Kids are retarded and always will be. Remember when a dude inviting you to his party meant you were "his friend"? Or if a chick sat next to you, that totally meant she was in to you? Facebook is just another medium for them to be idiots on. You see it all the time in online games, chatrooms, and forums. They will eventually mature and realize what a true friend is, and then of course you will have the socially awkward ones that may cling to it, but I blame the internet as a whole for making critically social outcasts more apparent.

Kain you're a goddamn friendwhore but at least you're happy. I actually deleted 80something "friends" of mine because I felt I no longer needed a digital connection to them. I would actually like to keep my information at a smaller availability, even if it's mundane.

Facebook changed the game and the haters can hate all they want, the world will just move on without them.

At least with Facebook you are accountable for what you type on the internet. This is one of my quips with forums, YouTube, online games, *****, etc. Anonymity. Most of us have "known" each other for awhile on this forum, but hell who cares if you act like an ******* with the post above yours, you don't know them. You'll never meet them.

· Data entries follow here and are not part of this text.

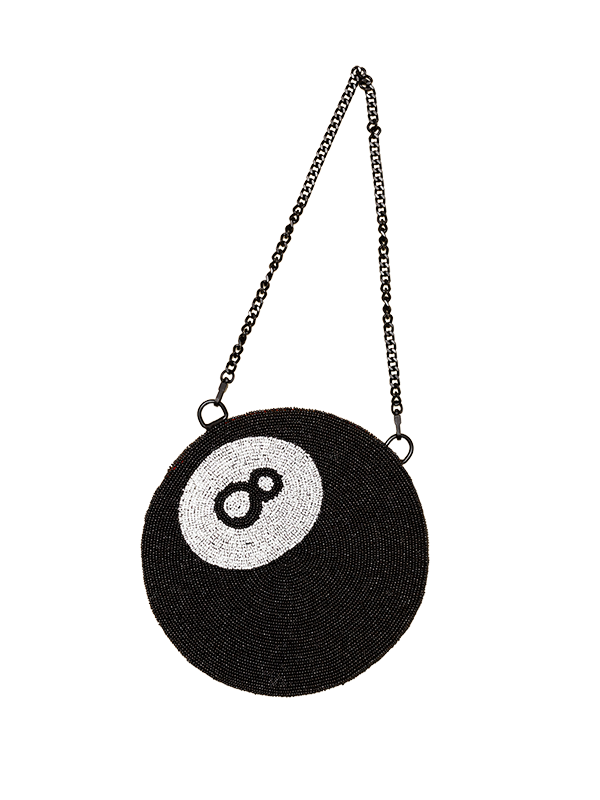8 Ball Purse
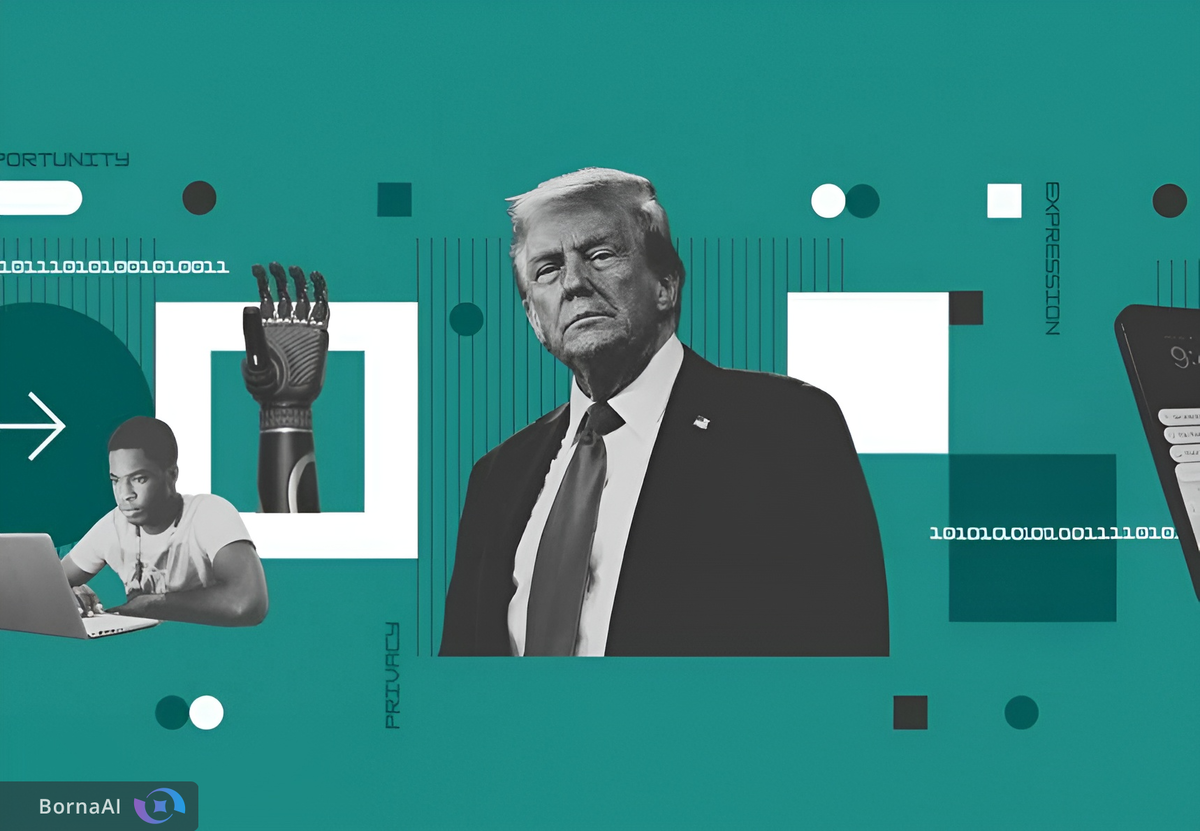 Trump’s Tech Nationalism: A Challenge to the Global Digital Order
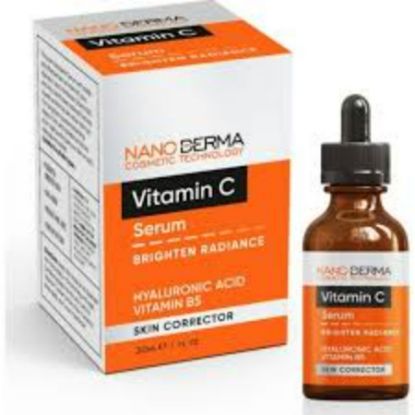 Picture of UNIDOVE NANO DERMA VITAMIN C SERUM 30ML 7017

It's the internet who cares, lolz. I associate that mindset with the violently, face-plam-it-ly, misinformed YouTube comments, or the disturbingly, questionably illegal comments on *****, or the pompous, egomaniacal raging in online games. No one gives a **** because they are behind a screen, which I feel is degrading morality and general decency more than Facebook is.

At least if you act like a dick on Facebook, everyone will know about it the next day.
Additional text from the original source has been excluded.